**Work instructions**
Output each record below exactly. No images go in the copy.

(Pictures with short captions)
--

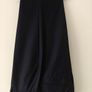 Next Men Suit TOP 42s Pants W34L29 Image 4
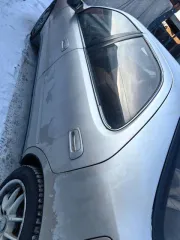 Toyota Cresta, 1992 года, 140 лс, АКПП еще Автомобиль ТОЙОТА КРЕСТА, год изготовления: 1992 г.в., гос.номер Н617АУ138.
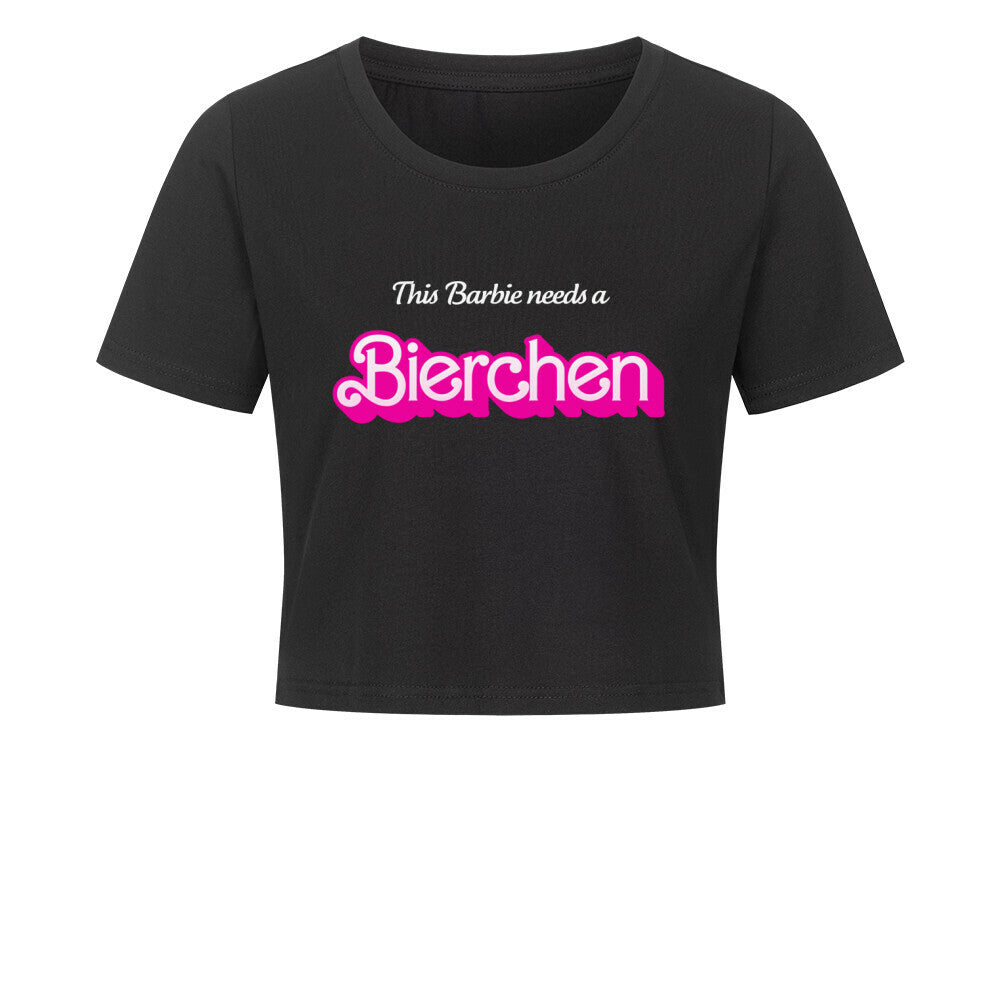 0a2c522c-b23f-48e0-b99b-b7a2cc68eef5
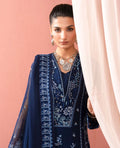 Republic Womenswear | RPP Vol 2 25 | Obscur - House Of Hania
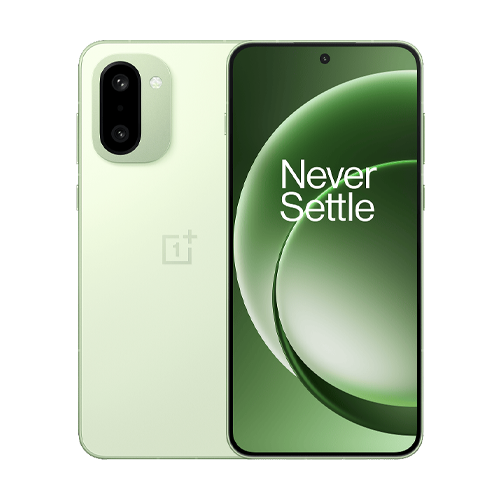 OnePlus 15R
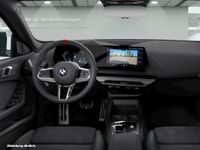 BMW M235 - Vorschau Bild 7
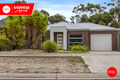 Property photo of 29A St James Wood Drive North Bendigo VIC 3550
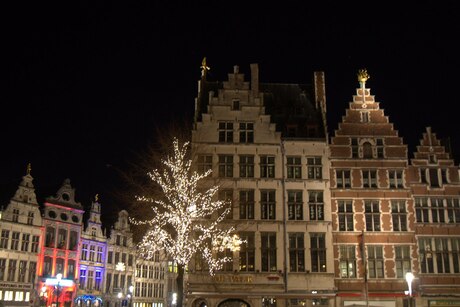 Grote Markt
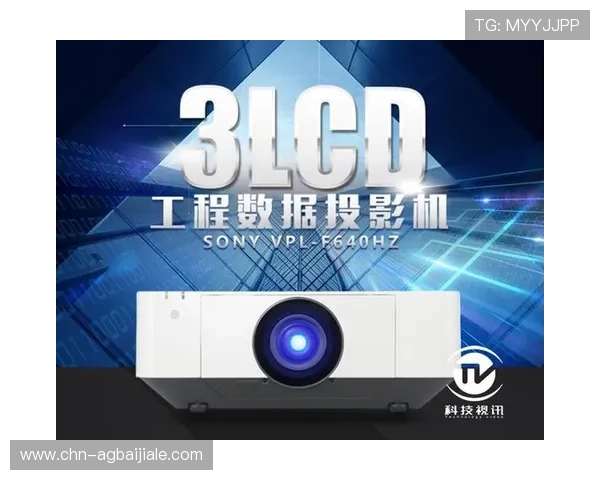 选择信誉良好的bg视讯娱乐网站确保您的每一次游戏都公平公正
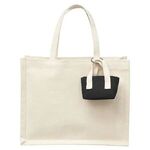 Design this item in Black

--

**Solution to this problem**
 Next Men Suit TOP 42s Pants W34L29 Image 4
 Toyota Cresta, 1992 года, 140 лс, АКПП еще Автомобиль ТОЙОТА КРЕСТА, год изготовления: 1992 г.в., гос.номер Н617АУ138.
 0a2c522c-b23f-48e0-b99b-b7a2cc68eef5
 Republic Womenswear | RPP Vol 2 25 | Obscur - House Of Hania
 OnePlus 15R
 BMW M235 - Vorschau Bild 7
 Property photo of 29A St James Wood Drive North Bendigo VIC 3550
 Grote Markt
 选择信誉良好的bg视讯娱乐网站确保您的每一次游戏都公平公正
 Design this item in Black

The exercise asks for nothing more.